▸ **DATASET EXTRACT**:
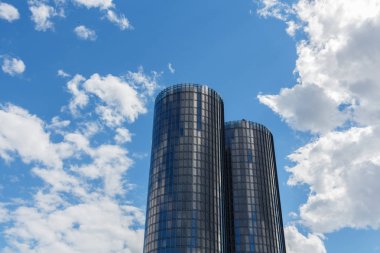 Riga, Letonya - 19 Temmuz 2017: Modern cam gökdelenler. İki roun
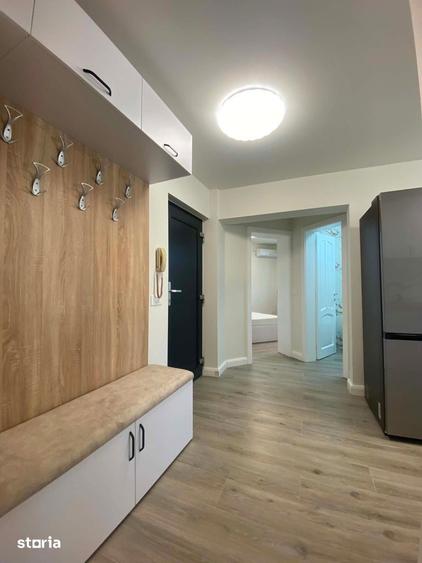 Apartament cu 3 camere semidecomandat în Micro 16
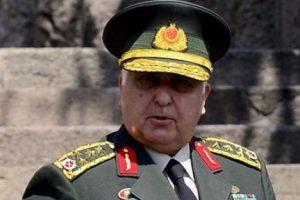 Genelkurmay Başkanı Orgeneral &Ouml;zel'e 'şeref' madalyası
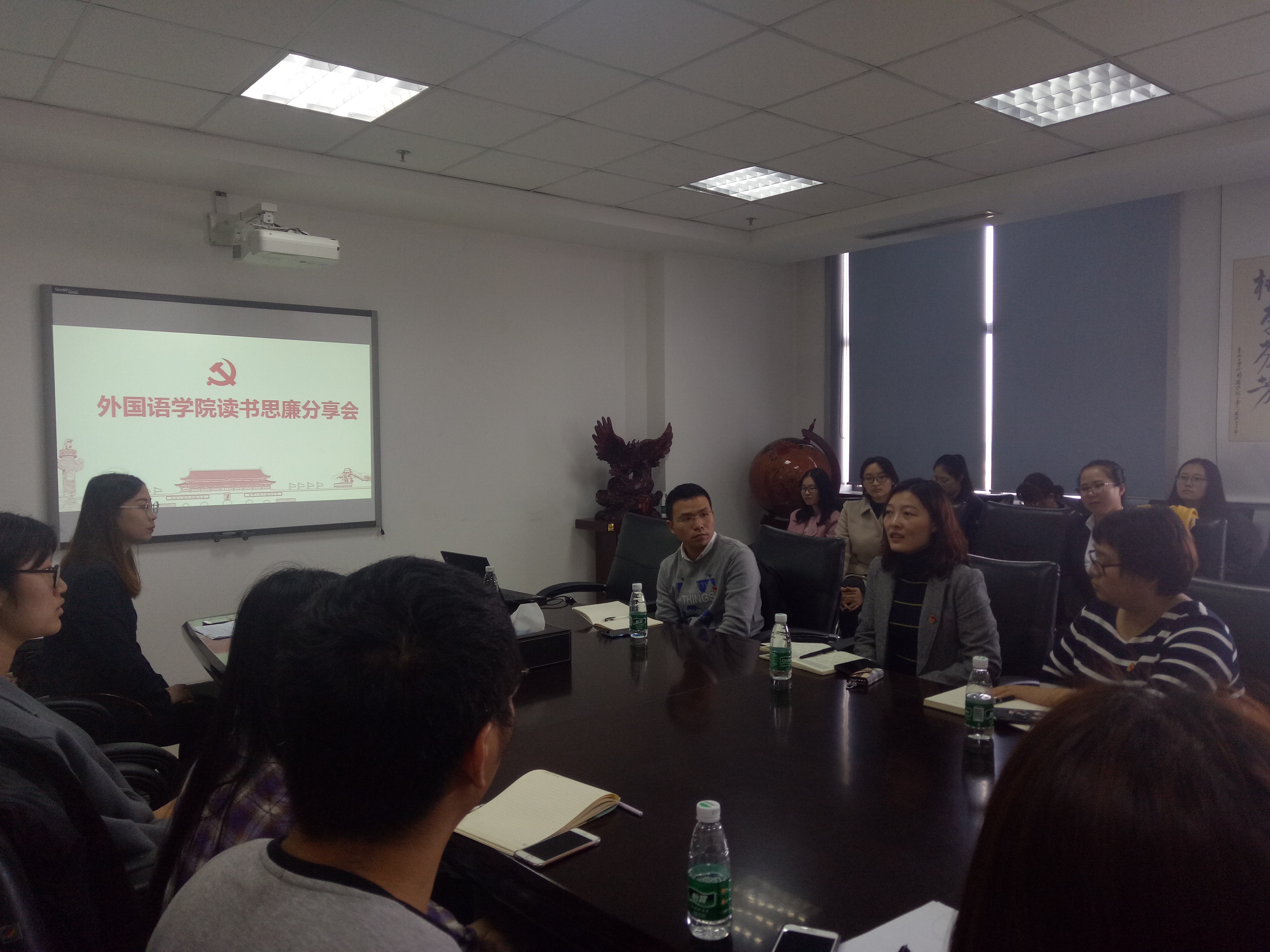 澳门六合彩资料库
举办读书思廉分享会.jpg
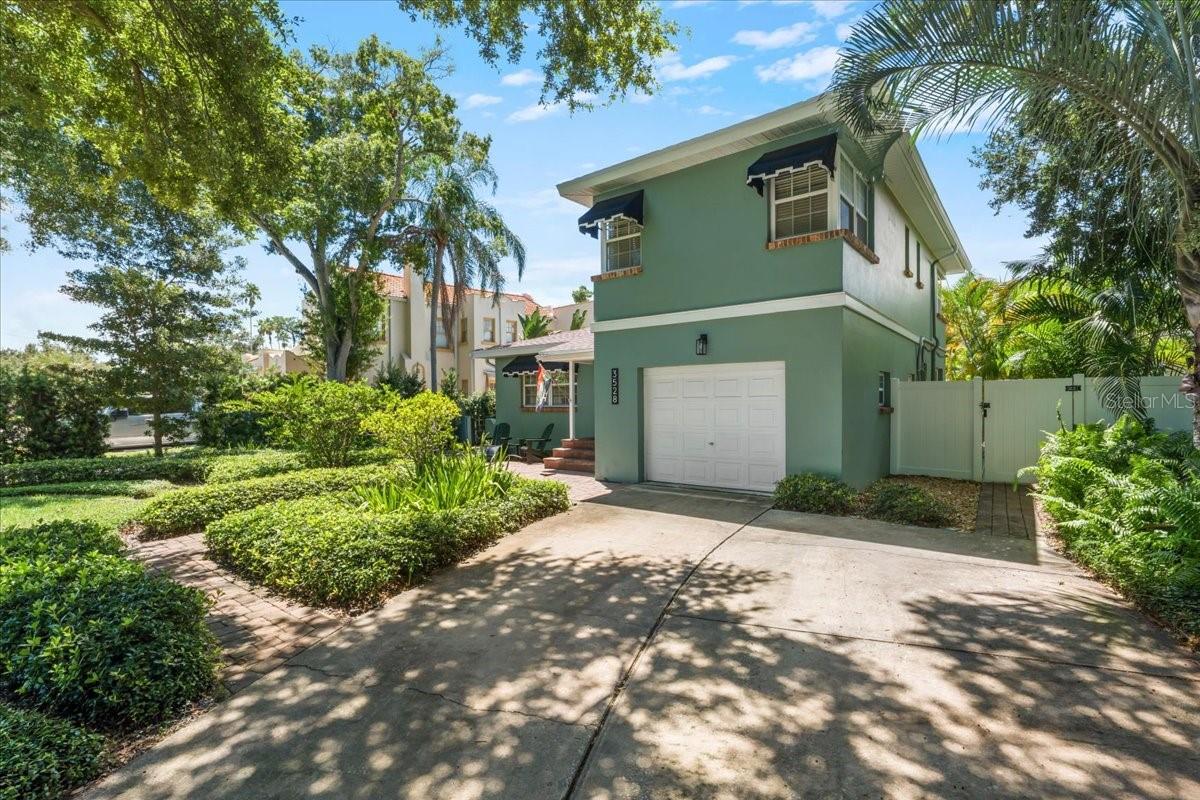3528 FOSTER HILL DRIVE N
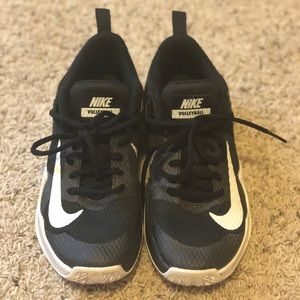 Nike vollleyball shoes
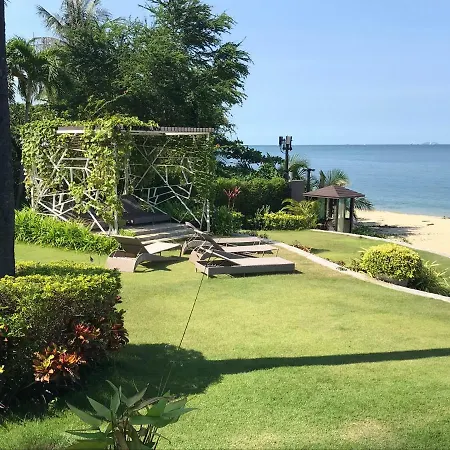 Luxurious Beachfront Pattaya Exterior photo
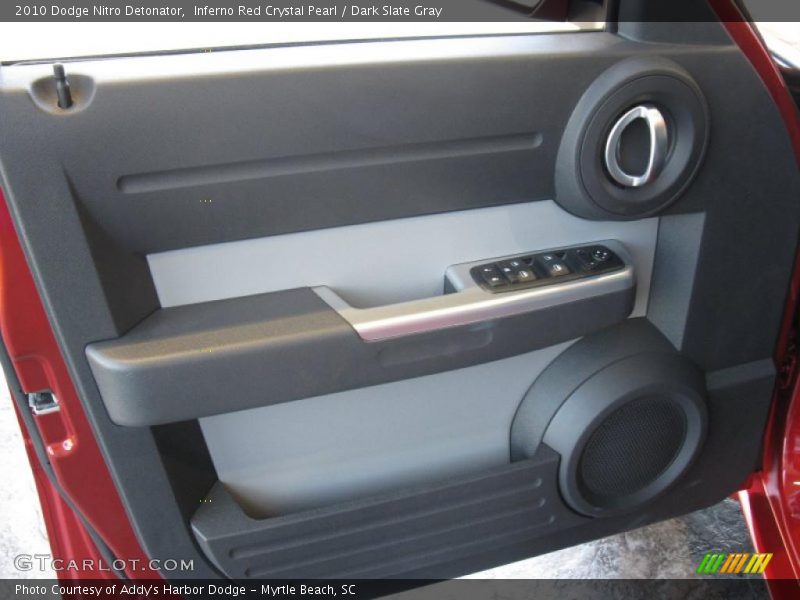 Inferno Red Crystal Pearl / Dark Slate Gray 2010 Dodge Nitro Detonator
--
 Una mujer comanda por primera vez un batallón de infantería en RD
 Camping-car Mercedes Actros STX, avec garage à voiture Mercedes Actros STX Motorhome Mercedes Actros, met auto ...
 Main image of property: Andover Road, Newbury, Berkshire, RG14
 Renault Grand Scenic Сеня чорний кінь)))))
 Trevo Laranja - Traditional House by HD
---
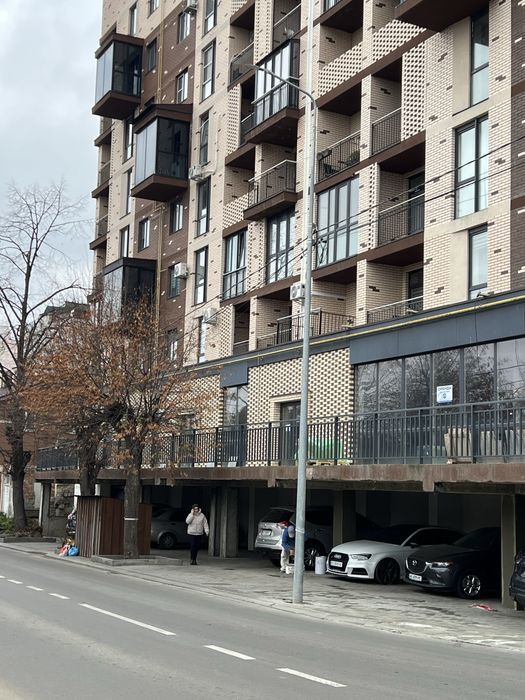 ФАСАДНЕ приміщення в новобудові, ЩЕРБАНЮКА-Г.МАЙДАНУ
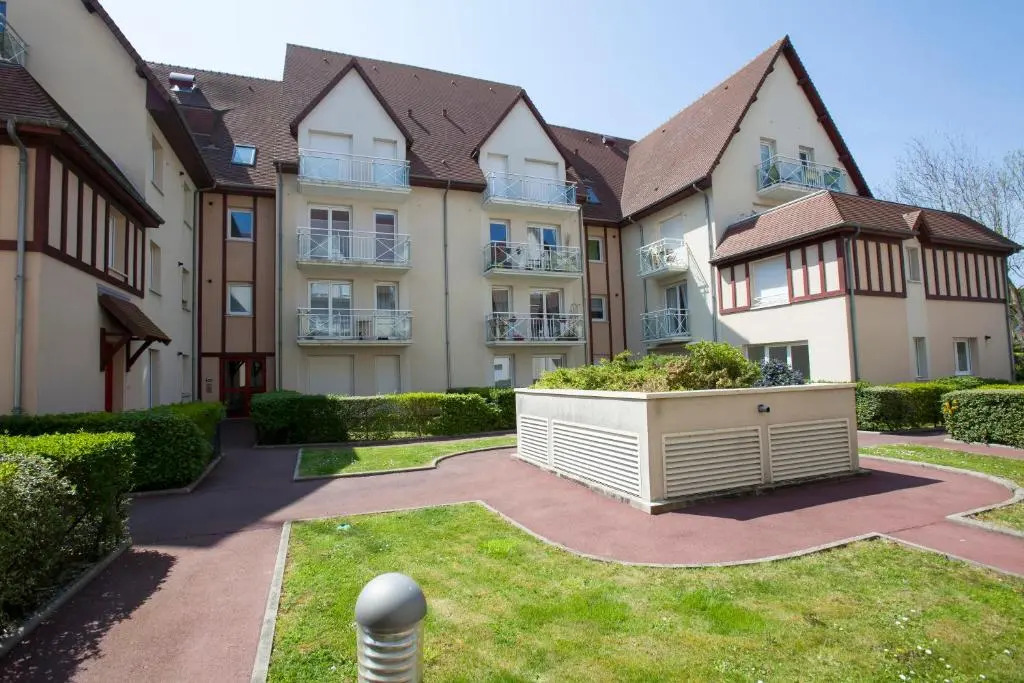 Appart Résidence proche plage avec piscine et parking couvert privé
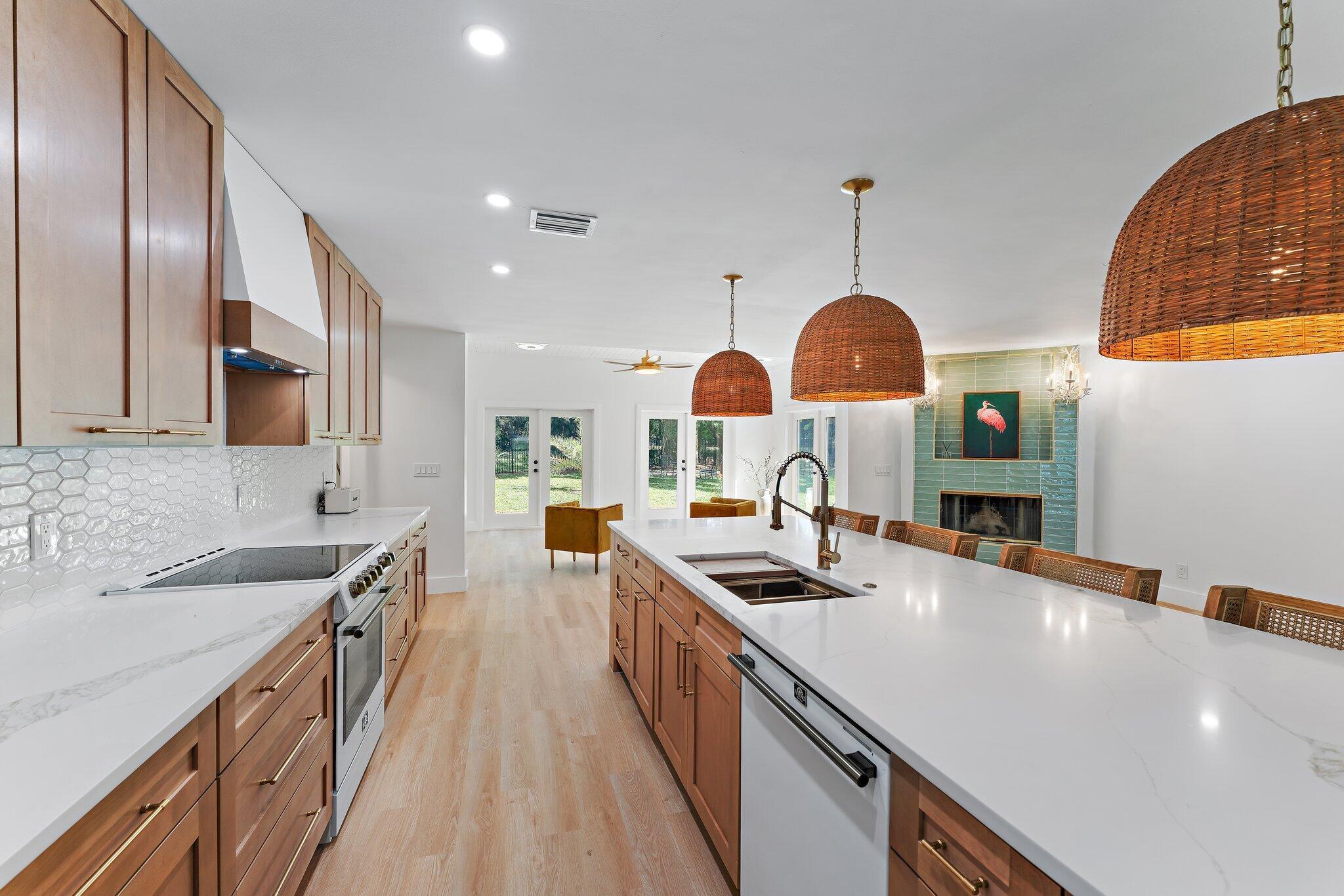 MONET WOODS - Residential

▸ **PROMPT**: The line holding "Riga, Letonya - 19" starts the copy and the line holding "Inferno Red Crystal" ends it. Repeat those two lines above and all between them exactly, leaving out pictures.

▸ **SOLUTION TO THE EXERCISE**:
 Riga, Letonya - 19 Temmuz 2017: Modern cam gökdelenler. İki roun
 Apartament cu 3 camere semidecomandat în Micro 16
 Genelkurmay Başkanı Orgeneral &Ouml;zel'e 'şeref' madalyası
 澳门六合彩资料库
举办读书思廉分享会.jpg
3528 FOSTER HILL DRIVE N
 Nike vollleyball shoes
 Luxurious Beachfront Pattaya Exterior photo
 Inferno Red Crystal Pearl / Dark Slate Gray 2010 Dodge Nitro Detonator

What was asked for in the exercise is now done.